Das alles hat vor fast 7,5 Jahren angefangen. Zeit heilt keine Wunden. Jede nicht geweinte Träne stellt sich hinten an. Mittlerweile schlafe ich meistens wieder. Glücklicherweise hat unsere Ehe das bisher relativ unbeschadet überstanden. Ich habe nur noch manchmal Angst, wenn meine Tochter zu spät nach Hause kommt. Sie hat fast 1,5 Jahre in unterschiedlichen Kliniken verbracht, mehrfach die Therapeuten gewechselt, einen Schulabschluss gemacht und beginnt sehr wahrscheinlich im Sommer eine Ausbildung.

Trotzdem hat sie mir nie verziehen, dass ich sie zur ersten Behandlung gezwungen habe. Ihre Geschwister kennen die Details bis heute nicht. Dieser Text ist anonym veröffentlicht, niemand aus der Nachbarschaft, kein Lehrer der jüngeren Kinder, keine Kollege meines Mannes und meine Eltern werden ihn jemals lesen. In ihrer Welt kommen kranke Kinder, die mehr als eine Grippe oder ein gebrochenes Bein haben, einfach nicht vor. Ebenso wenig wie besorgte Eltern, verängstigte Geschwister und eine Welt, die aufgrund einer Erkrankung völlig aus den Fugen gerät und nie wieder so sein wird wie “davor”.

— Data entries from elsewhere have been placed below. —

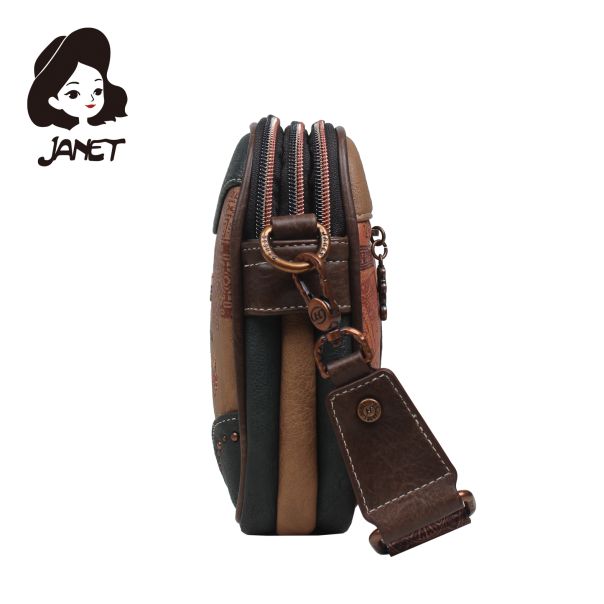 JANET MAYA JOURNEY Ženska tašna J-009D - J-009D NS34607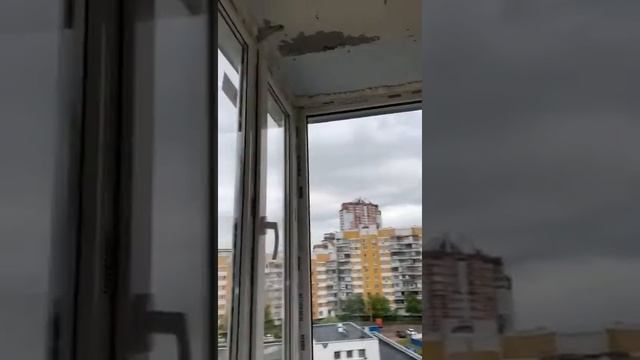 Остекление балкона с выносом подоконника смотреть онлайн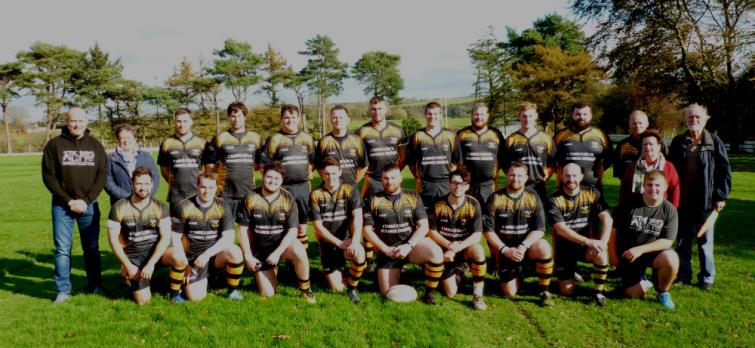 Llangwm RFC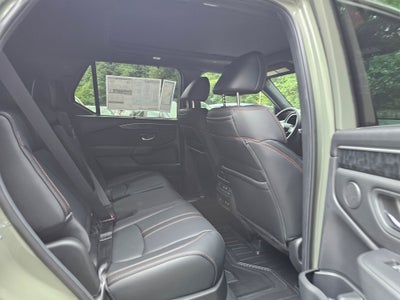 2026 Honda Passport TRAILSPRTE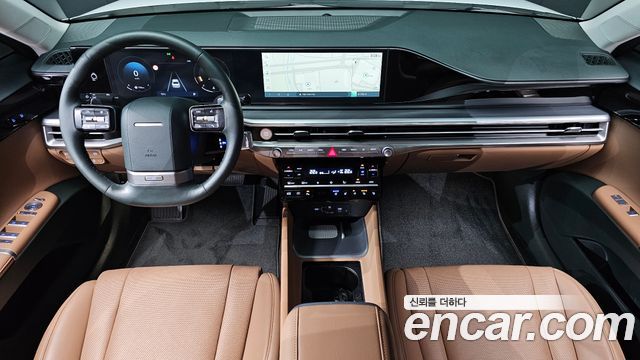 Hyundai Grandeur 2023 — photo 10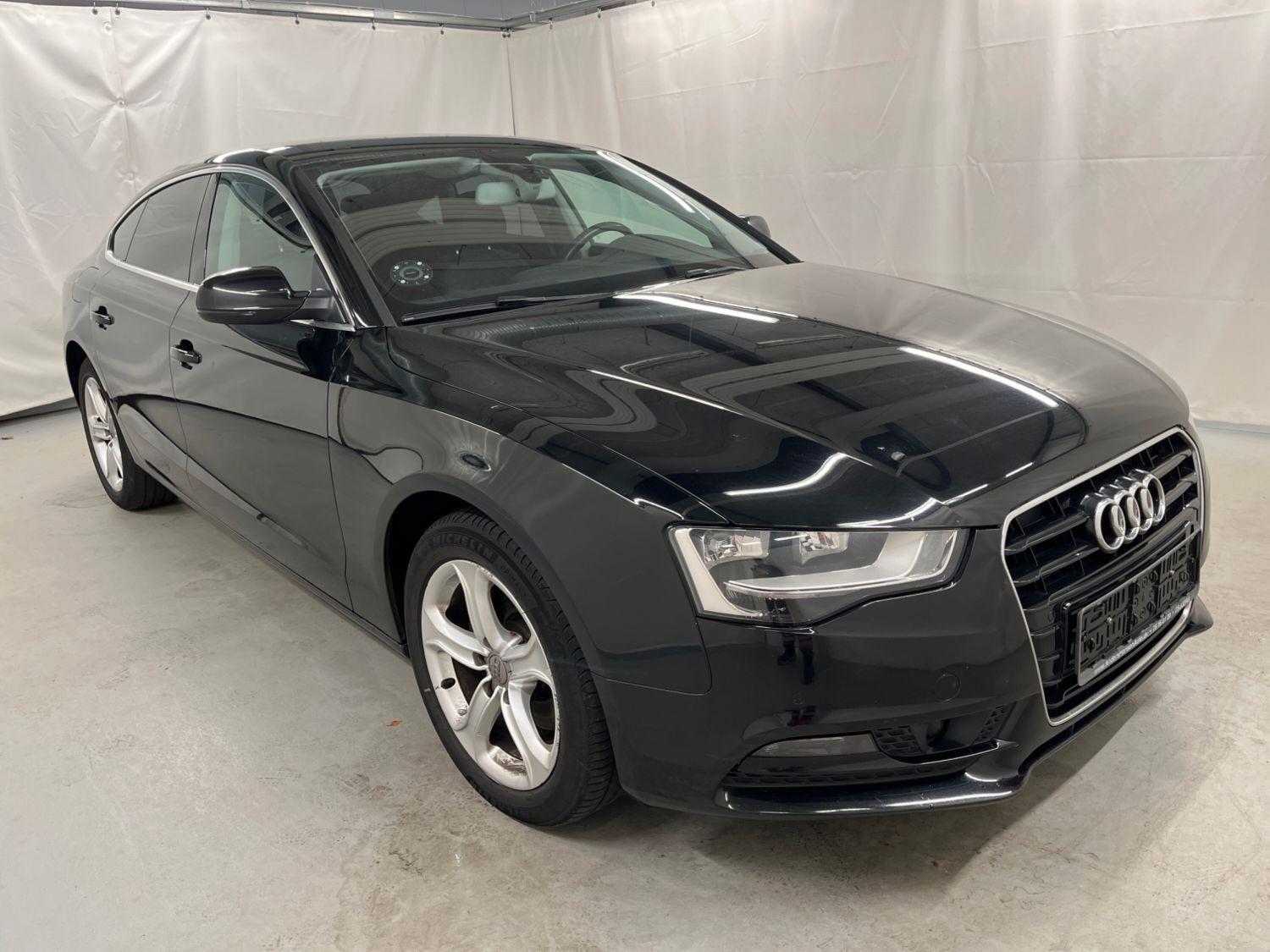 Audi A5 2.0 TDI 100kW Sportback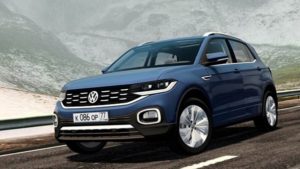 Read more about the article CCD – Volkswagen T-Cross 2019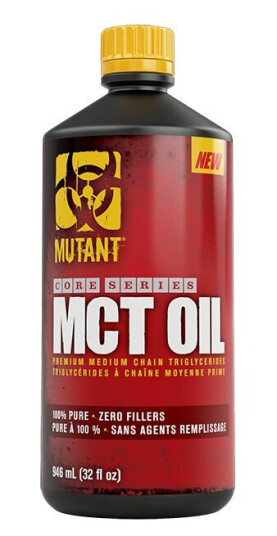 Mutant Core Series MCT Oil 946ml Mutant Core Series MCT Oil 946ml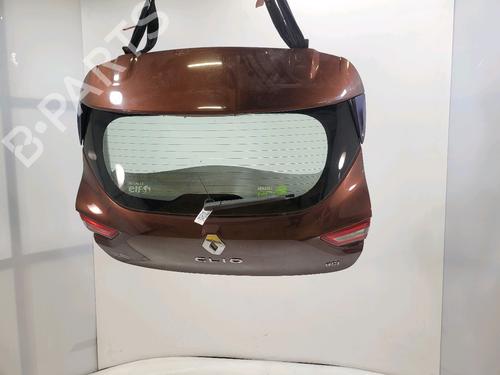 Used Tailgate RENAULT CLIO IV (BH_) 1.5 dCi 90 (90 hp) 29522848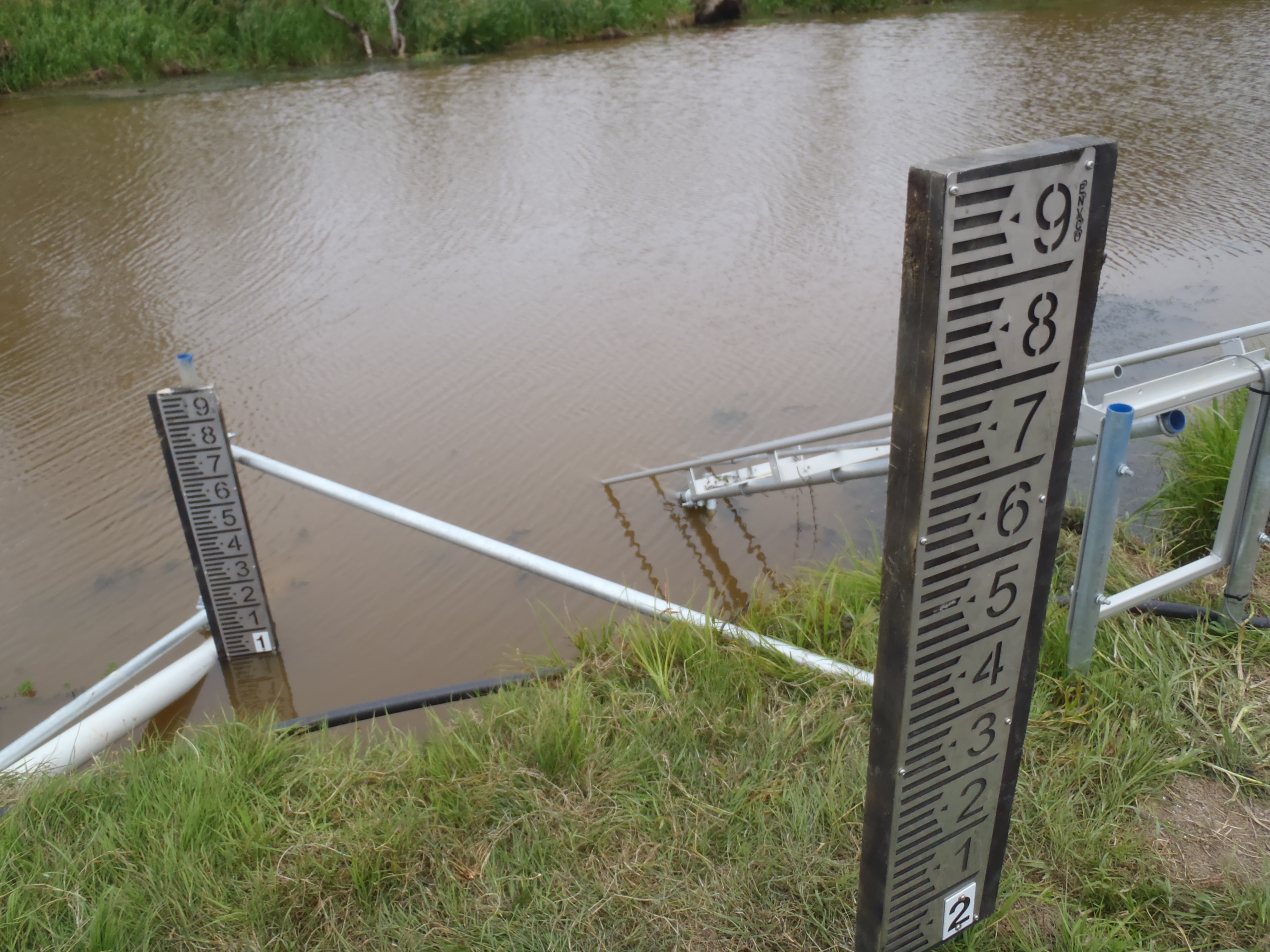 G Style Staff Gauge Envco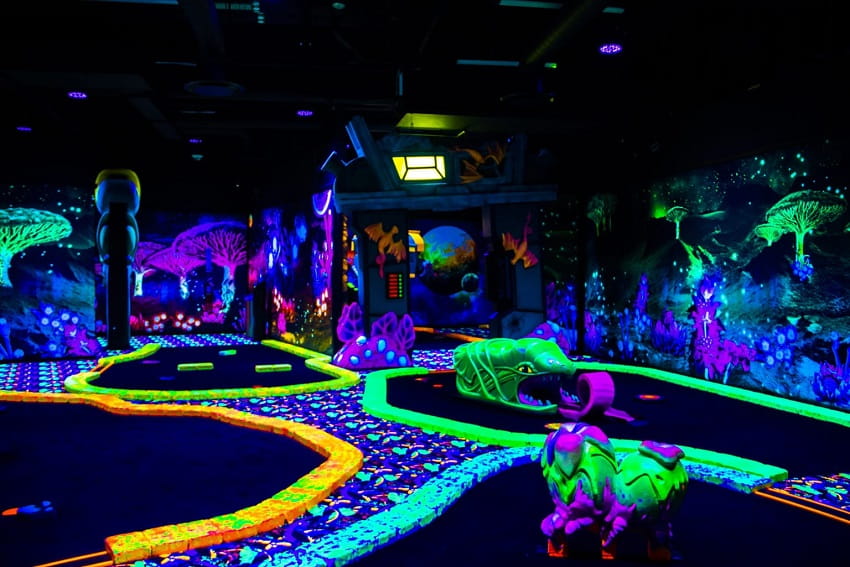 Indoor Spots to Have Fun And Entertainment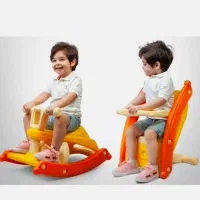 صندلی سه کاره و تعادلی غذاخوری کودک|اسباب و اثاث بچه|تهران, کوی نصر مهرآباد|دیوار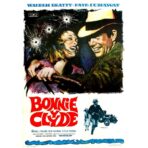 bonnie und clyde filmplakat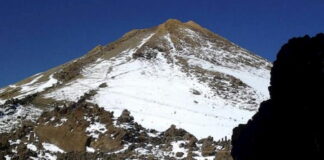 Hay menos nieve en el 78 % de las montañas del mundo, según estudio italiano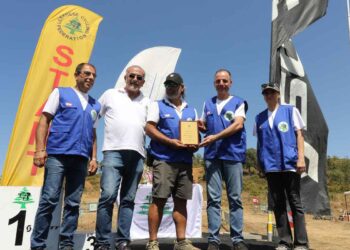 Հեծելարշաւ.  «Մաունթըն Պայք»-ի Ախոյեանութիւն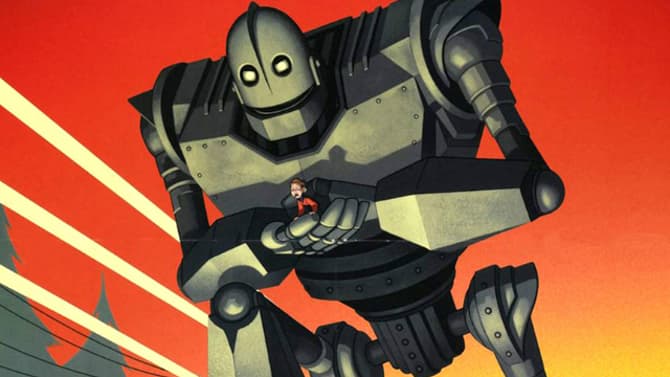 THE IRON GIANT Director Brad Bird Explains Why The Beloved Animated Classic Never Got A Sequel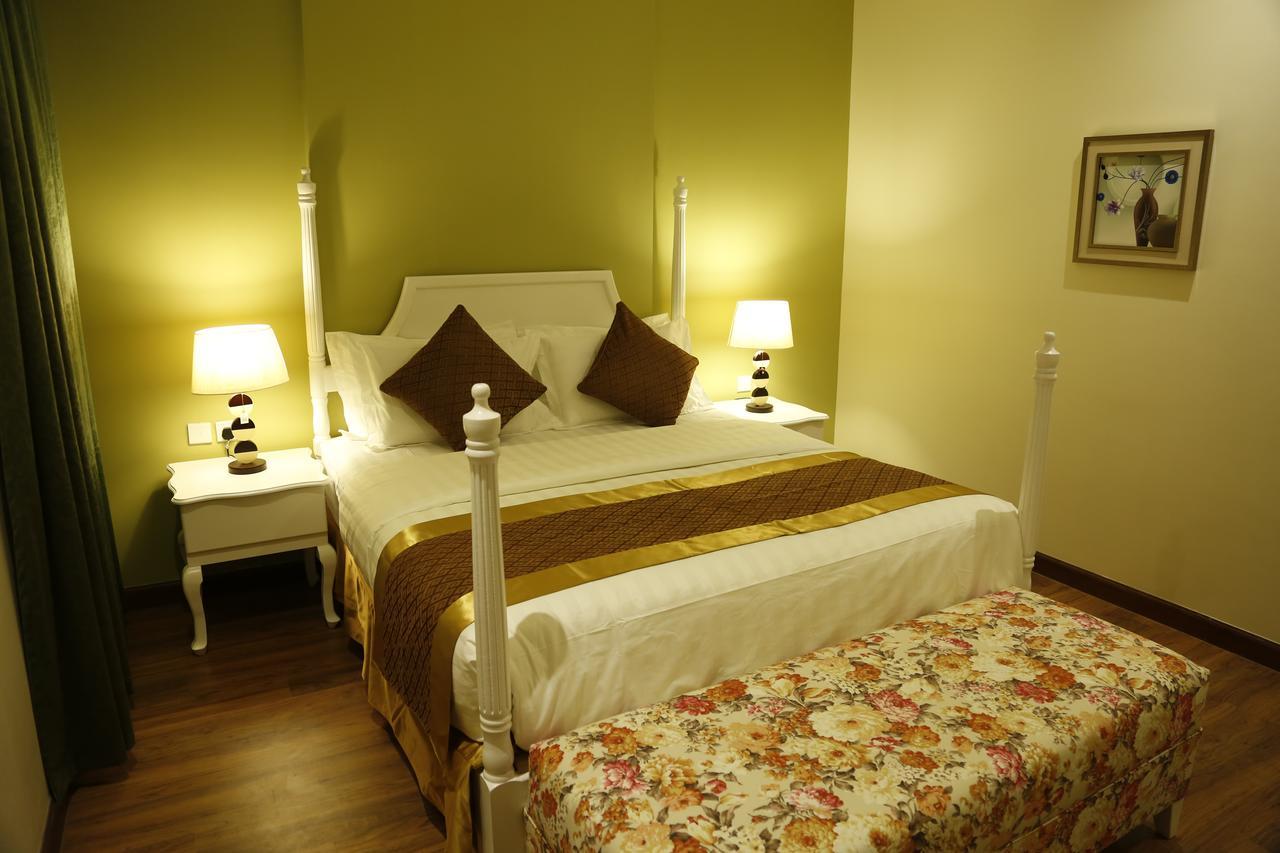 Flora Hotel Suite 2 فلورا2 للشقق المخدومة ริยาดห์ ภายนอก รูปภาพ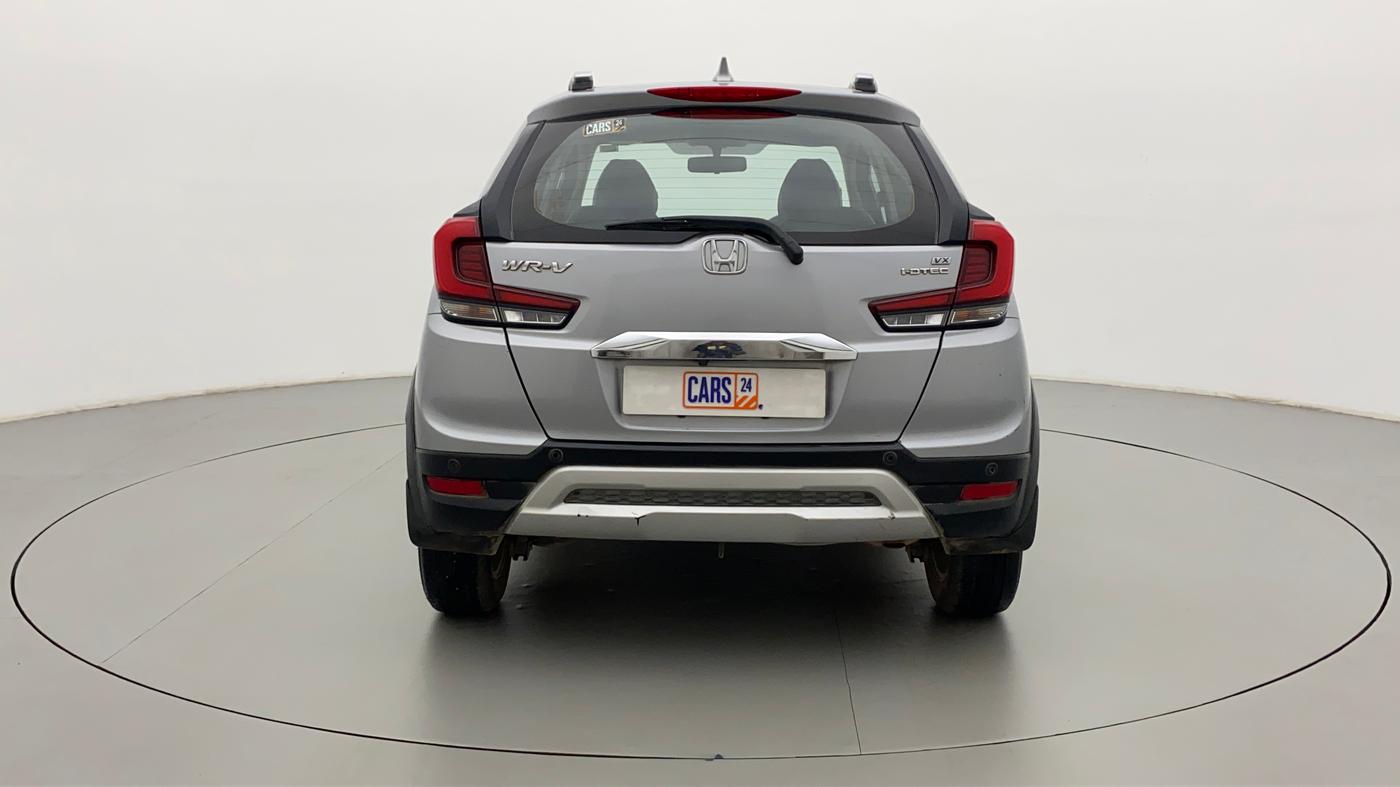 2020 Honda WR-V 1.5L I-DTEC VX MT, Diesel, Manual, 89,969 km, Back/Rear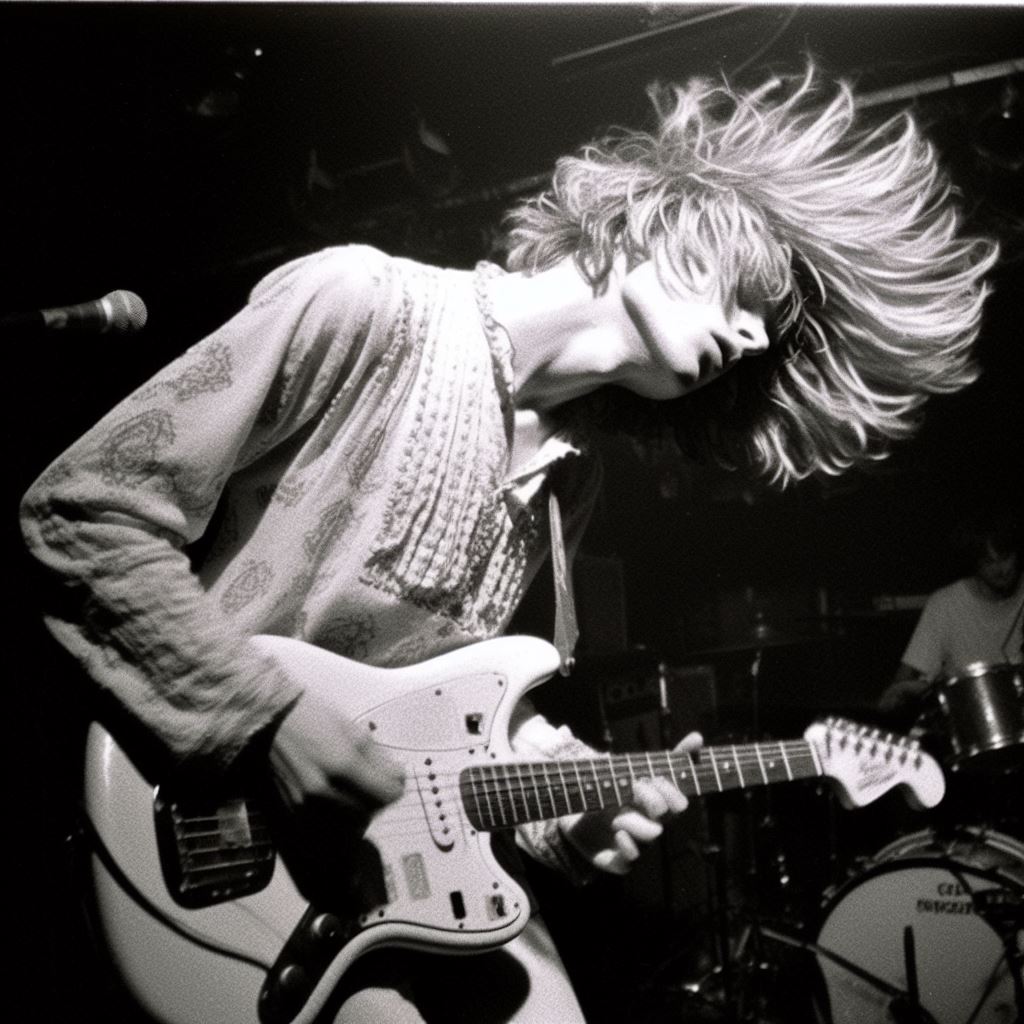 #SomeOfMyFavoritesRockBandsAreDead A Scene In Between UK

Ein Kommentar zu “Die Auswirkungen von Essstörungen auf Familien: Zwischen Stigmatisierung, Angst und strukturellen Herausforderungen

  1. Danke für diese ehrliche Beschreibung unserer unendlichen Angst und Überforderung, unseres ständigen Kampfes um Hilfe und Unterstützung.
    Mein Kind hat keine Magersucht – ich suche noch nach Diagnosen (und Diagnostiker:innen, die tatsächlich auf mein Kind schauen und nicht einfach nur auf die bereits bestehende Sammlung und sagen “machen wir immer so”), um gezielter helfen zu können.
    Und bis ich Hilfe und Unterstützung gefunden habe, werde ich weitere Stunden damit verbringen, wenigstens über die Suizidgedanken und die Todessehnsucht mit meinem Kind zu sprechen, das sich ja selbst nicht mal versteht. Ich werde weiterhin versuchen, jeden Zipfel aufzunehmen, wenigstens wieder ein kleinen wenig Selbstwert und Selbstliebe in ihm zu unterstützen.

    Nach deinem Text fühle ich mich wenigstens ein kleinen wenig weniger allein und isoliert!